Justin King <kingpin867@xxxxxxxxx> · Thu, 19 Mar 2020 10:23:48 -0500

Hi Andres-

Thanks for the reply, answers below.

On Tue, Mar 17, 2020 at 8:19 PM Andres Freund <andres@xxxxxxxxxxx> wrote:
>
> Hi,
>
> On 2020-03-17 17:18:57 -0500, Justin King wrote:
> > As you can see in this table, there are only ~80K rows, but billions
> > of updates.  What we have observed is that the frozenxid reaches the
> > 200M mark fairly quickly because of the amount of activity.
>
> And each of those updates is in a separate transaction? Is that
> required? I.e. any chance to perform multiple of those updates in one
> transaction?
>
> Have you considered just increasing the vacuum limit? It's mostly there
> because it can increase space usage a bit, but given today's systems its
> not a usually a problem unless you have hundreds of postgres instances
> on a single system.  It's pretty common to just increase that to 1.8
> billion or so.

We have considered increasing the limit, but as I mentioned, the
problem that we're seeing is that (effectively) a autovac starts on a
system database (postgres, template1) and never completes, or
deadlocks, or something.  This completely stops autovacs from running
until we manually intervene and run a VACUUM FREEZE -- at which point,
the autovacs resume.  If we increase the vacuum limit and this
situation happens, we're going to be in real trouble.
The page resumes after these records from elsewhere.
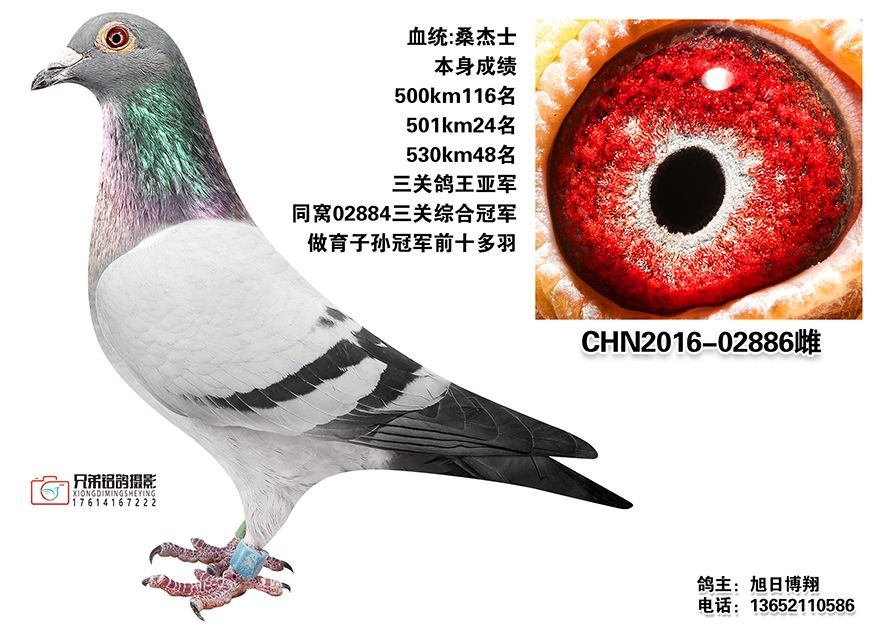 2.CHN2016-02886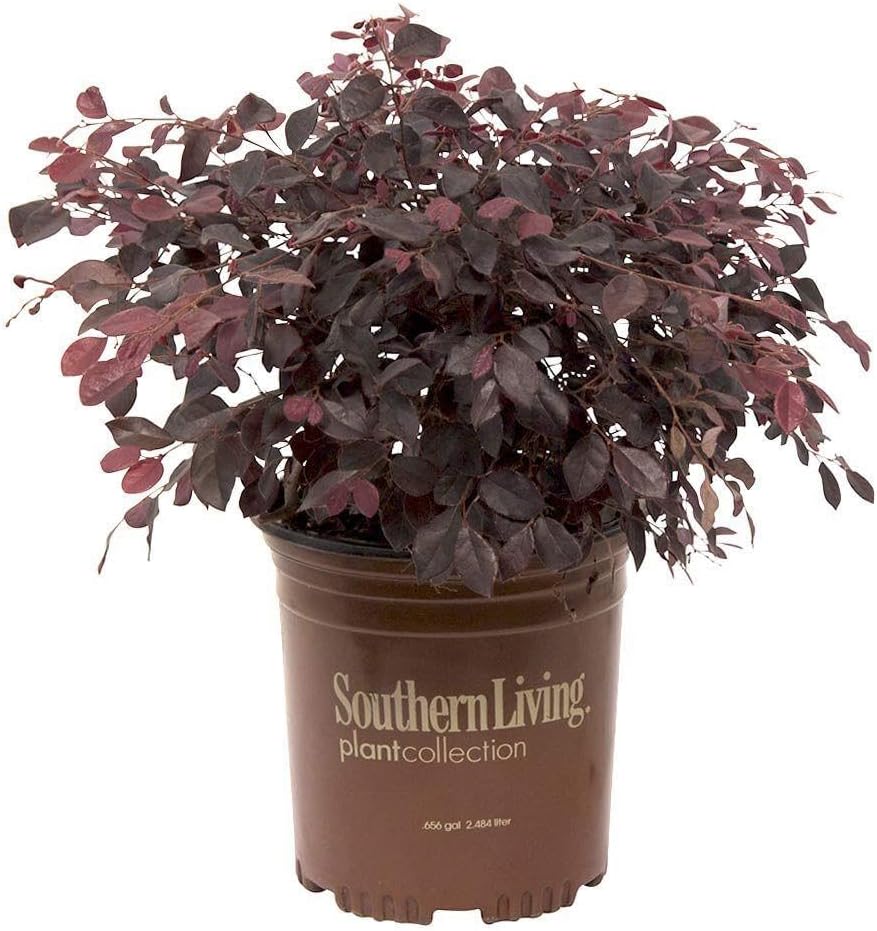 2 Gallon Evergreen Shrub Bundle F7337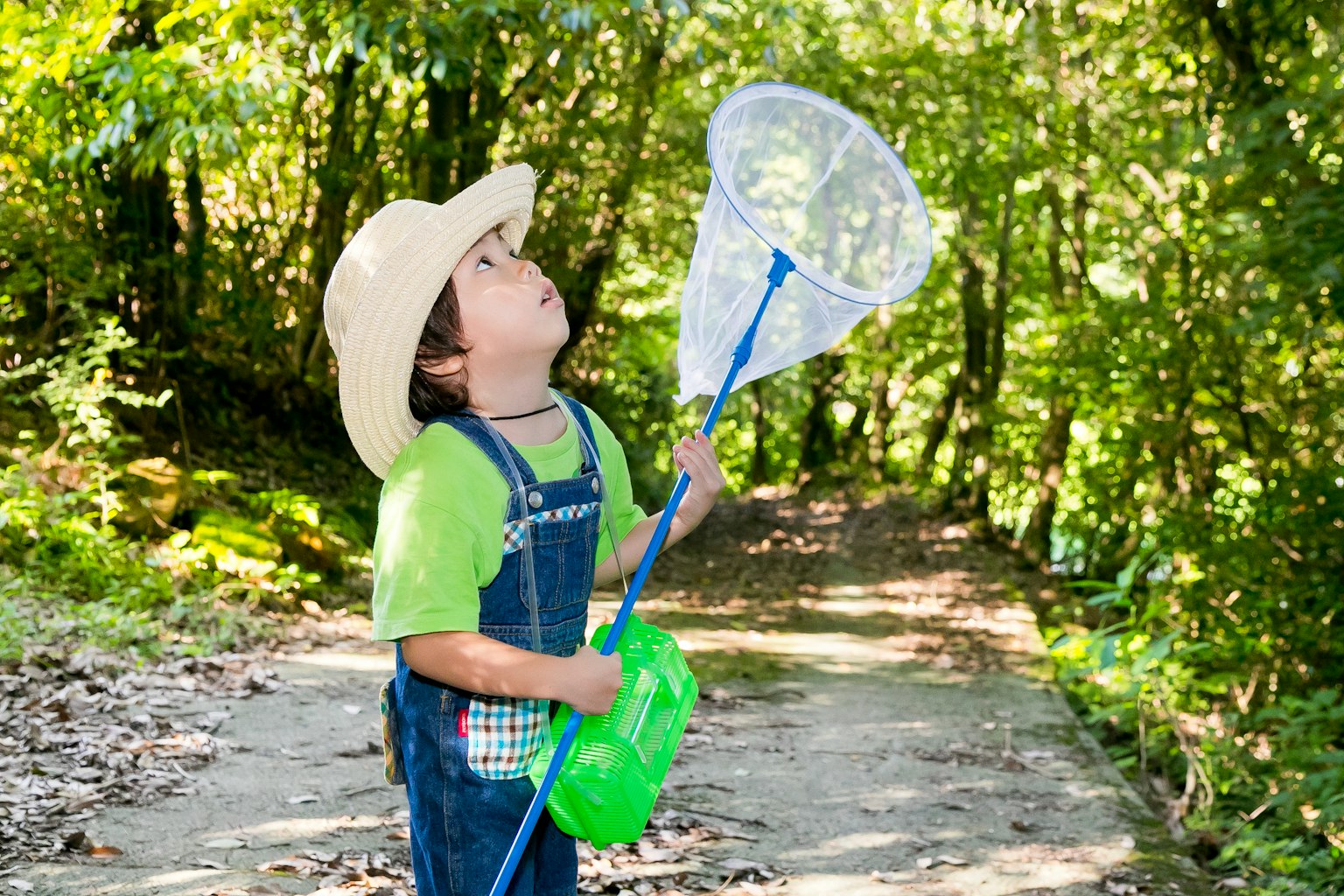 Bambino con una rete per farfalle in una foresta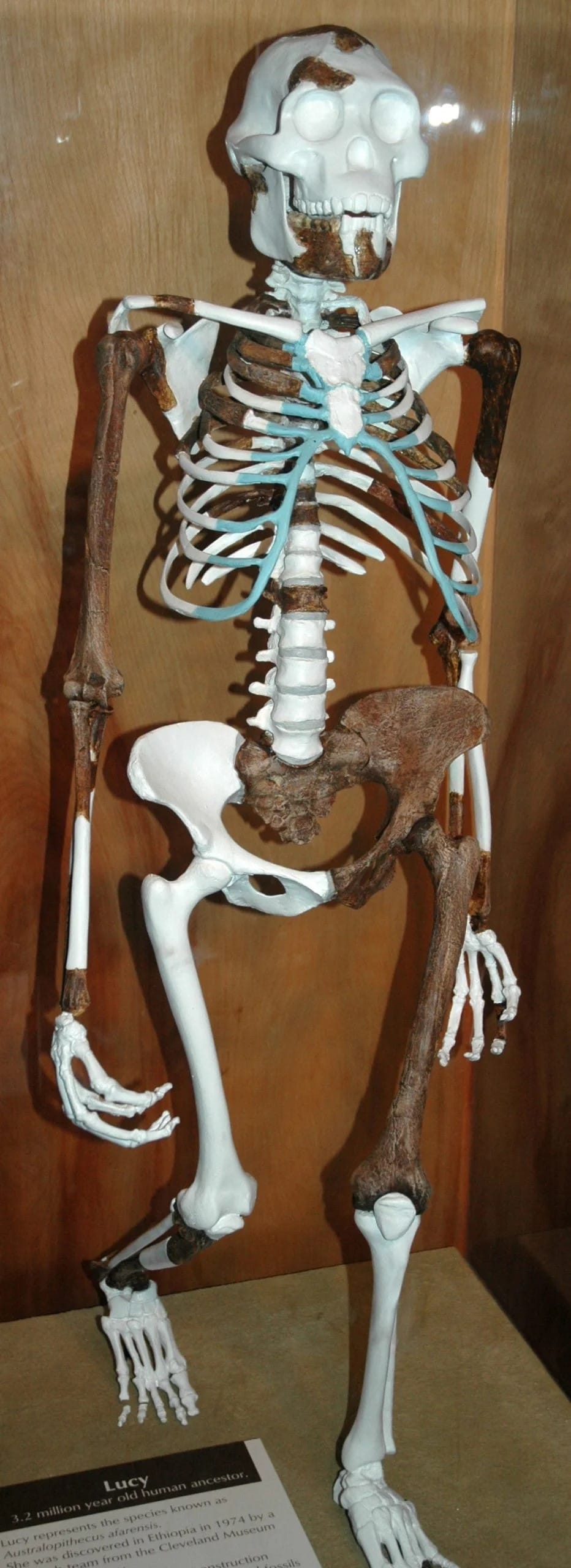 15460365261 9d10f15c37 o scaled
> From a single stats snapshot we can't actually understand the actual xid
> consumption - is it actually the xid usage that triggers the vacuums?

We have looked at this and the xid consumption averages around 1250
xid/sec -- this is when we see the "aggressive" autovac kick off in
the logs.  What I don't understand is why these xid's are being
consumed at this rate on the databases with no activity (postgres,
template1).

>
>
> What makes you think it is a problem that you have all these vacuums? If
> you actually update that much, and you have indexes, you're going want a
> lot of vacuums?
>

I actually don't think there's a problem with the vacuums (I was
mostly pointing out that they are very regular and not problematic).
The main problem I am having is that something is causing the
autovacuums to completely stop and require manual intervention to
resume -- and it seems to be when the "postgres" or "template1"
database hits the autovacuum_freeze_max_age.

>
> > What is interesting is that this happens with the 'postgres' and
> > 'template1' databases as well and there is absolutely no activity in
> > those databases.
>
> That's normal. They should be pretty darn quick in v12?

Yes, a manual VACUUM FREEZE of either database takes less than 1
second -- which is why it's perplexing that the autovac starts and
never seems to complete and prevents other autovacs from running.

>
> Greetings,
>
> Andres Freund